More businesses are requiring their employees who regularly work with customers or who possess certain types of sensitive information to sign some form of contract restricting the employee’s ability to engage in competitive activity once the employment terminates.
I have discussed these types of agreements in several previous posts.
- Employee Beware: Understand Your Rights Before Signing or Litigating a Non-Competition Agreement or Other Employment Contract (January 26, 2017)
- Many States and Now the Federal Government Are Questioning Use of Overreaching Non-Compete Agreements (May 13, 2016)
- Employee Non-Competition Agreements Part 3: You Mean They Can Stop Me from Working? (June 30, 2015)
- Employee Non-Competition Agreements Part 2: The Employer's Perspective (June 17, 2015)
- Employee Non-Competition Agreements Part 1: The Basics (May 21, 2015)
The most common restrictions fall into three categories. The first is the non-competition agreement (a/k/a “Non-Compete”), which prohibits the departing employee from engaging in any manner of competition either on his own or as an employee of another for a defined period of time. The second is a customer non-solicitation agreement, which precludes the departing employee from communicating with the employer’s customers for a competitive business purpose for a defined period of time. The third is an employee non-solicitation agreement, which prohibits the departing employee from enticing his former co-workers to leave their employment (generally, in an effort to recruit them to the new employer). Disputes that arise under these agreements tend to be complicated and oftentimes intense. It consequently should be no surprise that whenever a former team member departs and is perceived as trying to take customers or co-workers with him, feelings get set on edge.
The rise of social media has had the effect of compounding this tension between employers and their former employees who are subject to contractual restrictions on their ability to compete. Social media platforms such as Facebook and LinkedIn are an instant means of notifying any number of individuals with whom you are acquainted or may have worked of any number of life changes, including those that are work related. One issue employment lawyers now see on a fairly regular basis is whether a former employee’s “status” communications on social media are nothing more than innocuous life updates, or subtle efforts to circumvent contractual restrictions and “poach” customers or employees.
One recent decision by an Illinois appellate court emphasizes how social media participation by former employees subject to post-employment contractual restrictions can lead to claims of their breach and costly litigation.
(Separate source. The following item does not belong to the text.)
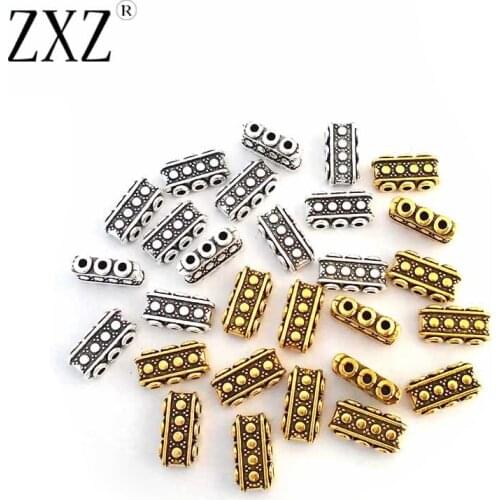 ZXZ 20pcs Antique Gold 3 Strands Spacer Bar 3 Holes Multi Strand Separators Bars for Bracelet Jewelry Making Findings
In Bankers Life & Casualty, Co. v. American Senior Benefits, LLC, 2017 Ill. App. LEXIS 511 (August 17, 2017), a former sales manager with Bankers Life accepted a new position with one of its competitors. After starting in that new position, the employee sent an e-mail notification through his LinkedIn account to a number of his former co-workers at Bankers Life asking them to accept a professional connection. Bankers Life thereafter accused the former employee of attempting to recruit its current employees to open positions with the competitor, which, if true, constituted a violation of the employee non-solicitation provision the employee signed while with Bankers Life.
The Illinois appellate court found that the former employee was not engaged in solicitation simply by attempting to make professional connections via LinkedIn. The Court noted that when the content and substance of social media communication simply provides information about a change in employment, identifies the new employer, and provides a description of the employee’s new job duties, the use of social media should not be considered impermissible “solicitation.” The Court made certain to point out, however, a number of other Court holdings in which the former employee’s social media efforts crossed the line between providing updated information and inappropriate solicitation. The examples offered by the Court included sending e-mails through LinkedIn or Facebook to targeted individuals asking them to consider employment with the new employer, and criticizing the former employer in an effort to cause its employees or customers to terminate their current relationship with the former employer.
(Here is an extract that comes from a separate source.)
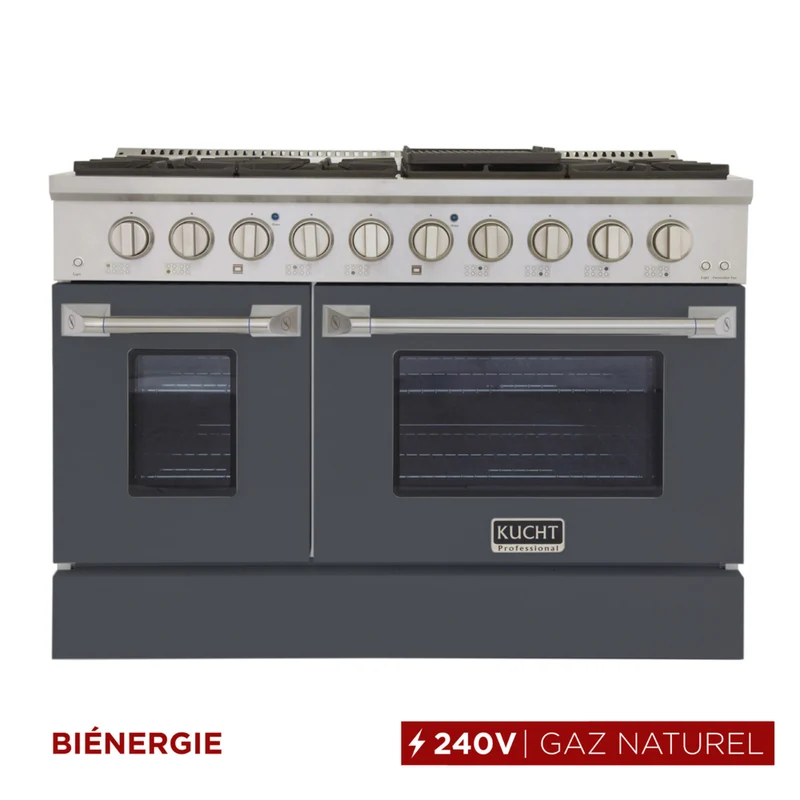 Kucht - 48 po Série KDF Cuisinière Pro Style au gaz naturel - Acier inoxydable/Gris ciment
My regular advice to subsequent employers of people who are subject to contractual restrictions on their work activities is that your goal should not be to “win the fight,” but to avoid the fight in the first place. While “winning” is good, it often comes with a significant legal expense. The best means of avoiding the fight is through a series of simple preventative steps undertaken before ever hiring the individual under consideration. These include (1) asking the employee if he ever signed any form of non-competition or non-solicitation agreement; (2) obtaining a copy of that agreement; (3) having the agreement reviewed by legal counsel, and (4) imposing appropriate restrictions on the new employee’s activities in order to prevent claims of contract breach against the employee and contract interference by the new employer. Part of this process should also include a discussion, followed by a clear understanding with the new employee concerning appropriate and inappropriate activities on social media platforms such as LinkedIn or Facebook.
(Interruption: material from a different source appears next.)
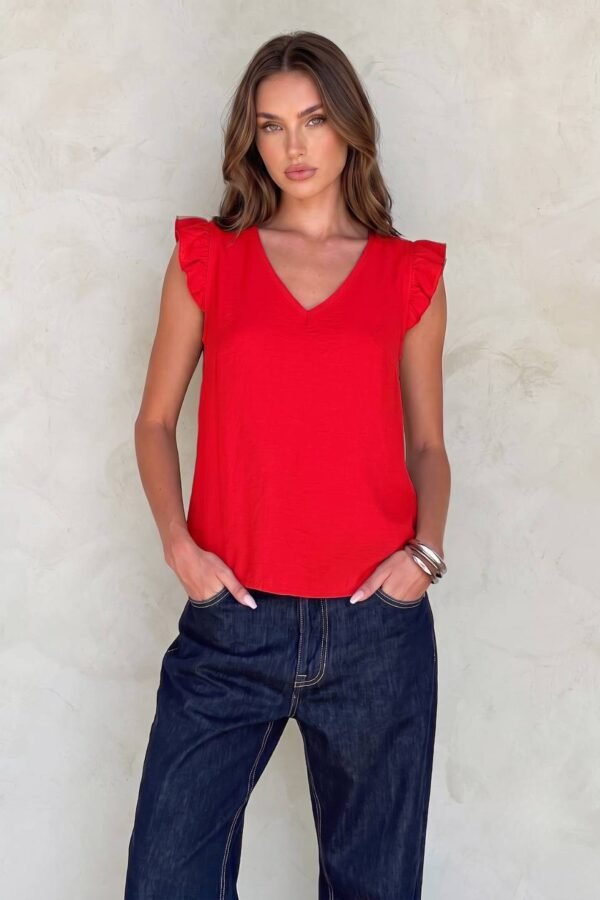 Musculosa cuello v cey premium liso tiras finas para atar atras y manga volado "GARY"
If you are an employee subject to such contractual restrictions and about to accept new employment, I urge preventative caution on your part as well. It is not your new employer’s job to take care of the problem. In some instances, failure on your part to communicate the fact of your contractual limitations to your new employer, or failing to abide by those restrictions in your new employment may cause you to lose your new job very quickly. Thus, when discussing potential new employment I encourage employees to abide by a similar checklist, which includes (1) informing the prospective employer of your contractual limitations; (2) providing a copy of the document imposing those restrictions (do not wait for a request); and (3) discussing what limitations need to be placed on your activities to prevent a claim of breach, including marketing efforts by you and your new employer on social media.